ML-based electromyography signal analysis for assessing rehabilitation exercise execution quality
摘要
Following lower limb trauma, performing orthopaedic rehabilitation exercises is a crucial factor in successful recovery. However, many patients find it difficult to execute these movements with optimal biomechanical form. To address this problem, an electromyography-based sensor system combined with machine learning is proposed. This system records and analyses exercises performed with the aim of providing real-time feedback on execution quality.
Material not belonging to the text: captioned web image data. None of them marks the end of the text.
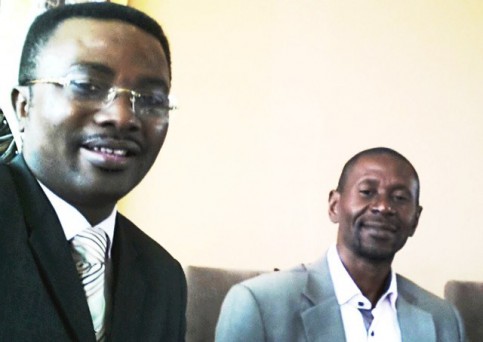 Les compères Jonas Moulenda (Faits Divers) et Désiré Enam (Echos du Nord), champions de la presse papier gabonaise. © D.R.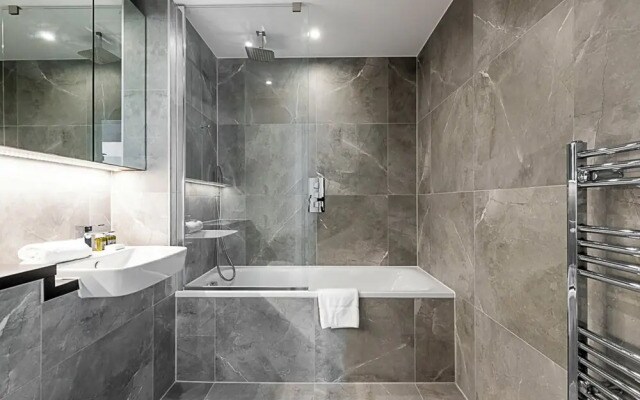 Two Bedroom Luxury Retreat At North Acton, London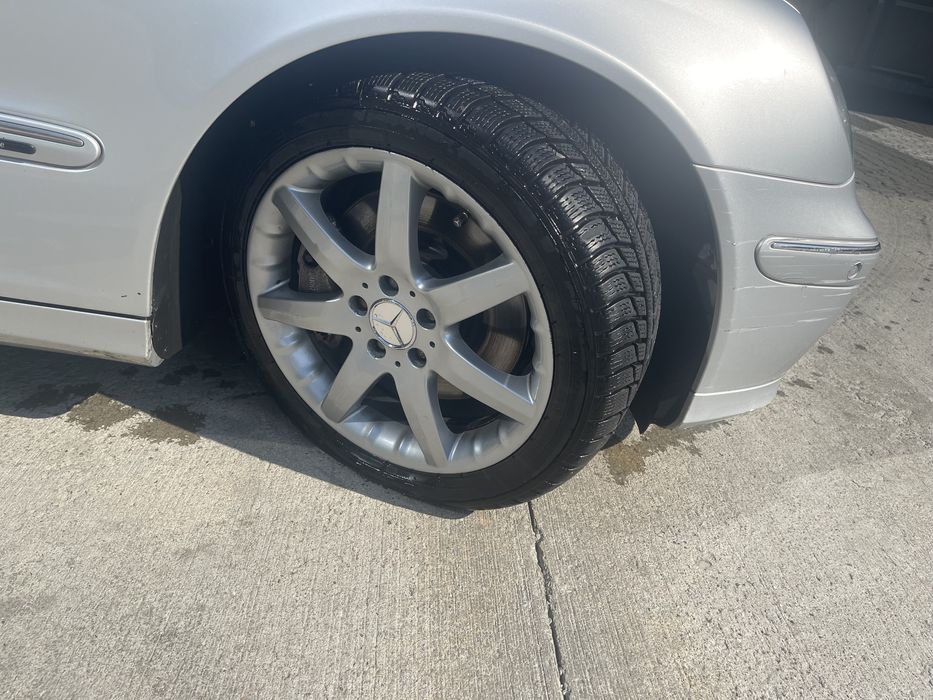 Jante originale Mercedes R17 + anvelope iarnă – stare foarte bună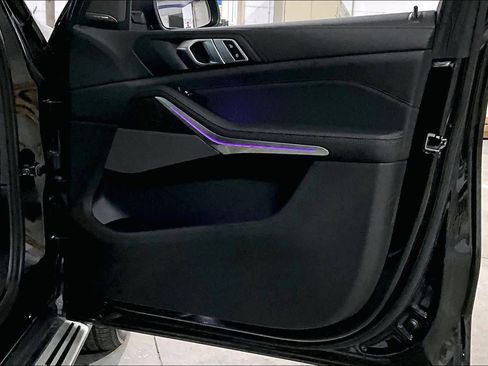 Used 2026 BMW X5 xDrive40i image 23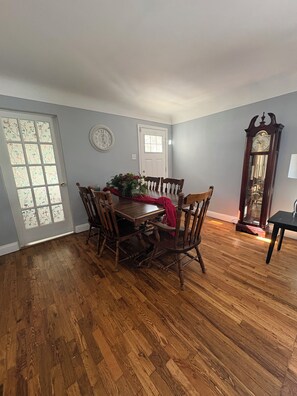 Unclassified image, 4 of 13, button - Country Charm (Grand Blanc)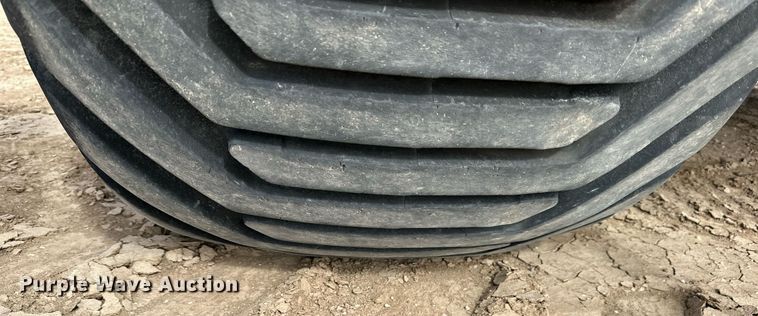 image for item DQ8719 Ag-Chem TerraGator 8204  applicator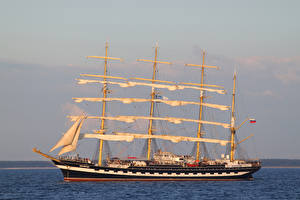 Bilder Schiff Segeln Kruzenshtern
To evaluate the potential of this concept, high-density electromyographic data (32 electrodes per sensor pad) were recorded from the vastus lateralis and vastus medialis muscles while performing rehabilitation exercises. Four different exercises (squat, hip abduction, leg raises and rocking) were performed, each in one optimal and three non-optimal variations, by n = 19 participants, resulting in 3,040 exercise executions and 194,560 electromyographic recordings. Analysis of this dataset demonstrated that a Support Vector Machine algorithm can be used to classify execution quality (four classes per exercise) with an average accuracy of 83.3% (± 8.8%). In addition, it was shown that, One Class Support Vector Machine trained with solely optimal executions, an unknown exercise could be identified as either optimal or non-optimal execution with an accuracy of 76.6% (± 5.9%). These results highlight the potential of this approach to evaluate exercise execution quality during rehabilitation. In the long term, this approach could provide personalised rehabilitation feedback and improve patient outcome.